ABOUT
MY DOG TULIP
MY DOG TULIP, the celebrated novel by J.R
Ackerley, is being made into a full length animated feature
by producers Norman Twain, Howard Kaminsky and Frank Pellegrino.
Deanna Deignan will serve as co-producer and Allison Powell
as coordinating Producer.
The film is financed independently and will be completed in August of 2008.
MY DOG TULIP
is animated by Paul and Sandra Fierlinger who have been
closely associated with PBS’ adult animation fare for the
past 15 years, providing primetime TV specials such as Drawn
from Memory (Best TV Feature Film at Annecy, France 1995),
Still Life With Animated Dogs (2001) and A Room Nearby (2004);
both recipients of the prestigious Peabody Award.
Paul Fierlinger is the film’s director, screen writer and sole animator; Sandra is his background and image painter. They both draw and paint on a Wacom tablet, using the 2D animation software Mirage by Bauhaus. This film will be the first animated feature ever to be entirely hand drawn and painted utilizing paperless computer technology.
Christopher Plummer, Lynn Redgrave, Isabella Rosselini,
Brian Murray, Paul Hecht, Peter Gerety, and Euan Morton
provided the voices for the full-length animated feature,
which had to be recorded before the animation could proceed.
MY DOG TULIP
began voice recording AUGUST 16th, 2006 in New York City
and has been in production since May 16, 2006.
The original music score and sound design is the work of John Avarese who has been the composer of all Fierlinger
productions for the past 12 years.
J.R Ackerley, the book’s British author and distinguished man of letters, hardly thought of himself as a dog lover when, in middle age, he came to adopt an Alsatian bitch, he named Tulip. To his surprise, she turned out to be the love of his life, the ideal companion he had been searching for in vain for years.
MY DOG TULIP
is a bittersweet retrospective account of their fourteen-year
relationship. In vivid and sometimes startling detail, the
film shows Tulip’s often erratic behavior, canine tastes,
and Ackerley’s determined efforts to ensure an existence
of perfect happiness for Tulip.
MY DOG TULIP
was originally published in England in 1956. It is now published
in this country by the New York Review of Books in their
Classics Series and is the series’ best selling book.

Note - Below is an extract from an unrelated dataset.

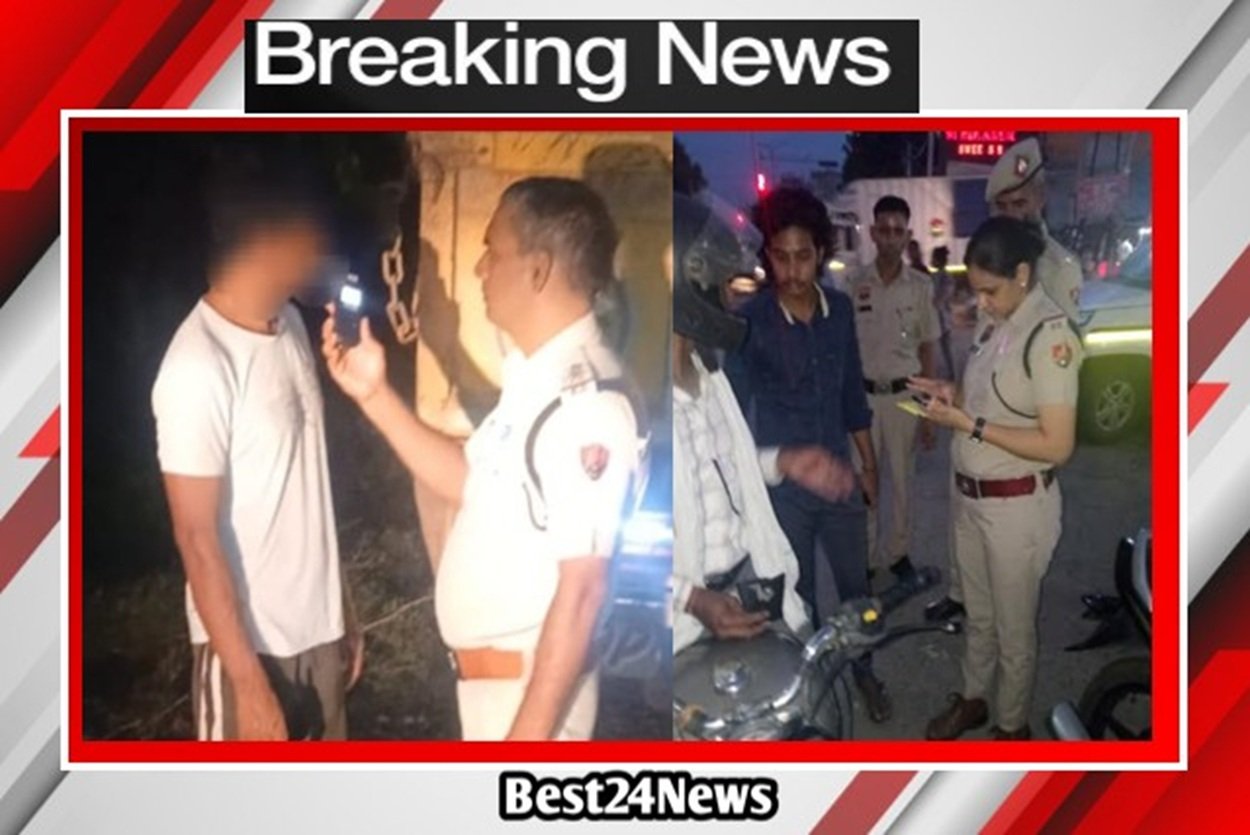 Police took big action against traffic rule violators in Rewari, challans issued to 1789 drivers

“This is a profound and beautiful love story. It just happens to be between a man and his dog” said producer Howard Kaminsky.
“It certainly is all that,” said producer Norman Twain, “but it’s also an account of the complexity of all human relationships with the inherent tendency of each one of us to desire everyone else to be as we are.”
While most animation is for children, this film is being directed toward the adult sensibility.